Though the summit was based on the single-point agenda of support for the humanitarian crisis in Afghanistan, organizing the 17th extraordinary summit in Islamabad is a big foreign policy win for Pakistan. It is a moral and political victory of Pakistan in a highly nationalized global environment. Pakistan’s foreign policy has always been shaped by external influences, particularly the situation on its eastern and western borders. The long-drawn Russia-Afghan war and the disintegration of the USSR had a lasting impact on the internal and external security situation of Pakistan. When the Russian war against Afghanistan ended, resulting in the disintegration of the USSR, the security dynamics had changed for Pakistan. Four million Afghan refugees and the Kalashnikov and drug culture were the rewards for Pakistan in lieu of the support Pakistan extended to the US’ fight against Russia. The biggest success of this extraordinary summit is Pakistan’s effort to present to the world that the 40 million Afghans who are facing a human-made crisis are not an extension of the Taliban. They are normal citizens of Afghanistan and also victims of the long-drawn war which the US waged twenty years ago. The Afghan people must be helped in kind and the Taliban government must be engaged politically to pull Afghanistan out of the crisis.
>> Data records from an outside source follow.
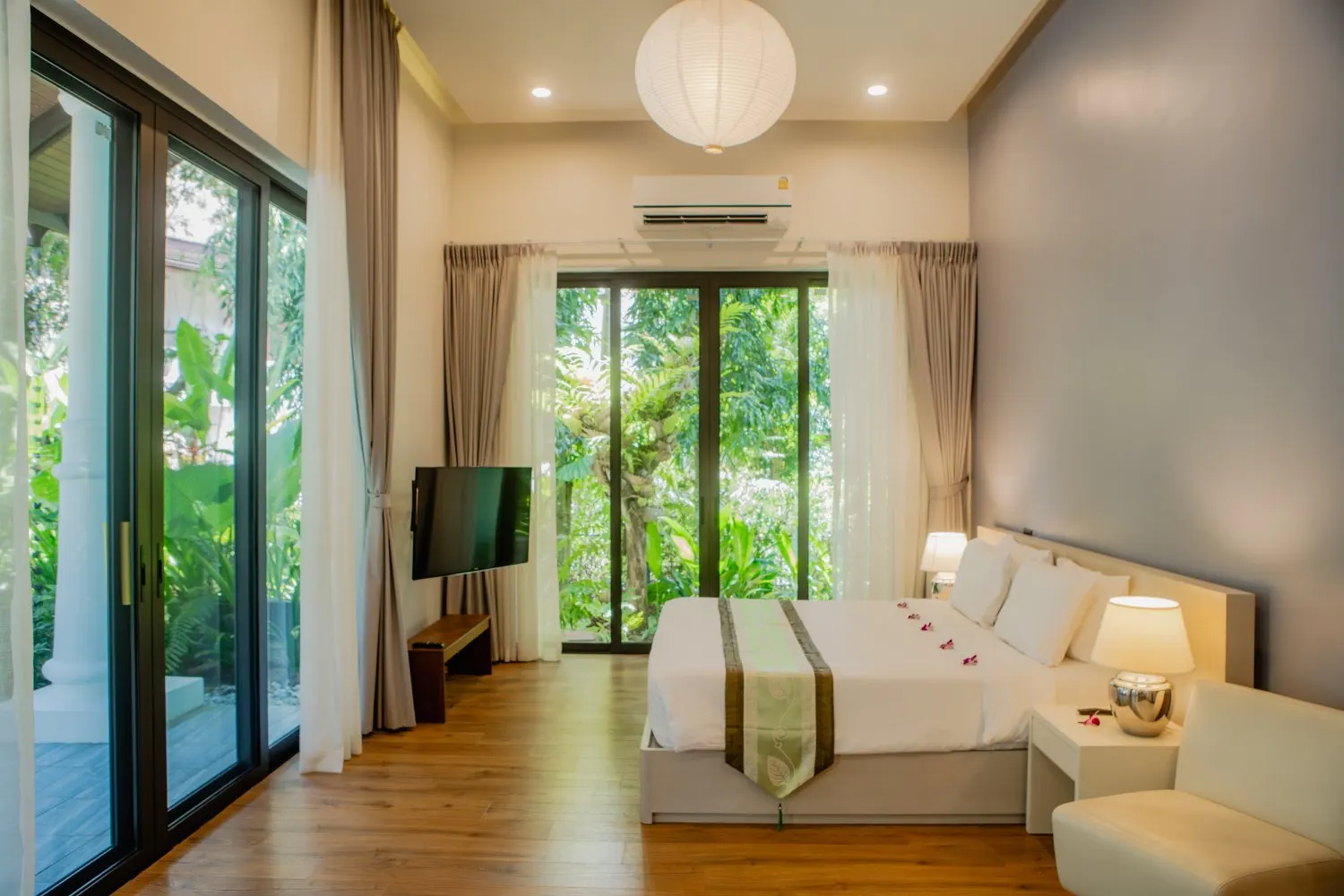 Property image - full photo 26
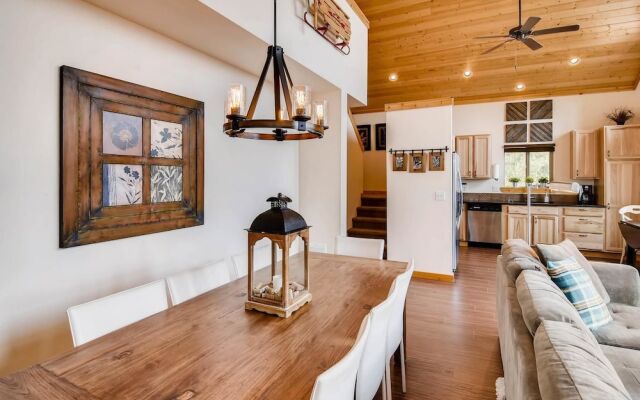 Roslyn Ridge Retreat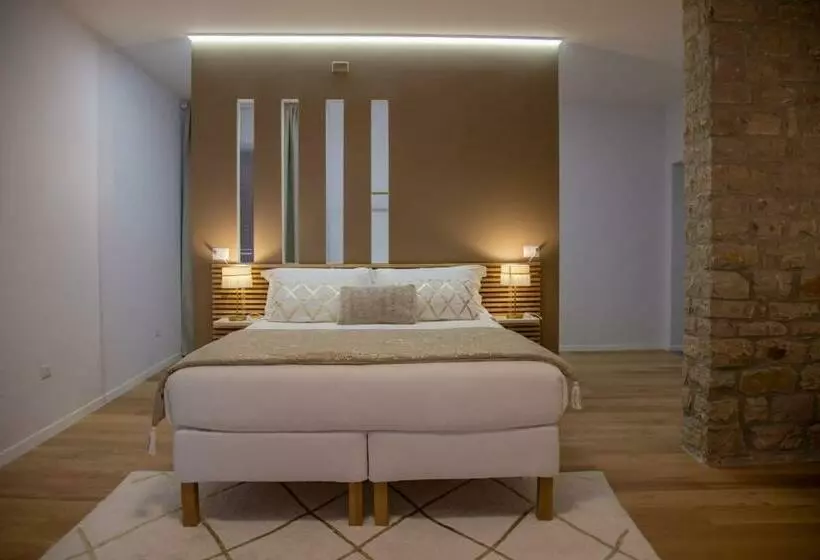 تختخواب و صبحانه La Piazzetta Suite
Hosting member countries of the OIC gathering for the single agenda of the humanitarian crisis in Afghanistan is itself a success for Pakistan. It may not be a political summit, yet it signifies everything. The message was loud and clear to the US and the world community that US policies of punishing nations at will are no more acceptable. The summit also signifies the importance of the region and the priority the world attaches to Afghanistan and Pakistan. It also exhibits Pakistan’s desire that the world must come forward to share the burden of the Afghan crisis. It also reflects that KSA, which is the leader of the OIC, is also looking for out-of-the-box solutions in terms of its relations with the world. The summit testifies that the US will not be allowed to play with the lives of millions of Afghans. Global affairs demand equal attention from the superpower and global institutions. The OIC summit is a positive step towards resolving the regional security issue and a leap forward to help the millions of Afghans facing severe food, medicine, and water shortage and harsh weather conditions. The summit also manifests Pakistan’s open foreign policy options in the existing environment.

It will be important to see whether the OIC, which is the second-largest group of nations after the United Nations, will be able to come up with a tangible solution to help Afghanistan in its crisis. All must acknowledge that the political isolation of Afghanistan is not beneficial for anyone, therefore it is imperative that all support the prevailing stability and back it both politically and economically.